**WORK INSTRUCTIONS**.
Nothing but an exact copy of the data should be output.

**DATA SHOWN**.
──────

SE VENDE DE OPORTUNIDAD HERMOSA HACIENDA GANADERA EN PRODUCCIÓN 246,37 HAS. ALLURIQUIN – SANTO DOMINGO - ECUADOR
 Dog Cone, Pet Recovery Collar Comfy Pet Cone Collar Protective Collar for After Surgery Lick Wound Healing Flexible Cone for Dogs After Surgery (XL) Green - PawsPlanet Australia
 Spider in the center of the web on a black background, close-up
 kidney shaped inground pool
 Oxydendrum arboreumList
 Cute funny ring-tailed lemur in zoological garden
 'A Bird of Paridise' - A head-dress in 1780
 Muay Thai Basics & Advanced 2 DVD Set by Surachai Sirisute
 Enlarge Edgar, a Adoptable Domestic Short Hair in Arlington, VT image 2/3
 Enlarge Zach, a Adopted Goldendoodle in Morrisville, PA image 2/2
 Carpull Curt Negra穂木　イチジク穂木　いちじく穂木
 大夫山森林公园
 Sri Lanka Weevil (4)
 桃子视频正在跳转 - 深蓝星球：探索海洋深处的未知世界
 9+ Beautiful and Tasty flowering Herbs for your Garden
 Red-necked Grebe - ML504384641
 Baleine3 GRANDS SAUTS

──────

**RESULT OF THIS TASK**.
SE VENDE DE OPORTUNIDAD HERMOSA HACIENDA GANADERA EN PRODUCCIÓN 246,37 HAS. ALLURIQUIN – SANTO DOMINGO - ECUADOR
 Dog Cone, Pet Recovery Collar Comfy Pet Cone Collar Protective Collar for After Surgery Lick Wound Healing Flexible Cone for Dogs After Surgery (XL) Green - PawsPlanet Australia
 Spider in the center of the web on a black background, close-up
 kidney shaped inground pool
 Oxydendrum arboreumList
 Cute funny ring-tailed lemur in zoological garden
 'A Bird of Paridise' - A head-dress in 1780
 Muay Thai Basics & Advanced 2 DVD Set by Surachai Sirisute
 Enlarge Edgar, a Adoptable Domestic Short Hair in Arlington, VT image 2/3
 Enlarge Zach, a Adopted Goldendoodle in Morrisville, PA image 2/2
 Carpull Curt Negra穂木　イチジク穂木　いちじく穂木
 大夫山森林公园
 Sri Lanka Weevil (4)
 桃子视频正在跳转 - 深蓝星球：探索海洋深处的未知世界
 9+ Beautiful and Tasty flowering Herbs for your Garden
 Red-necked Grebe - ML504384641
 Baleine3 GRANDS SAUTS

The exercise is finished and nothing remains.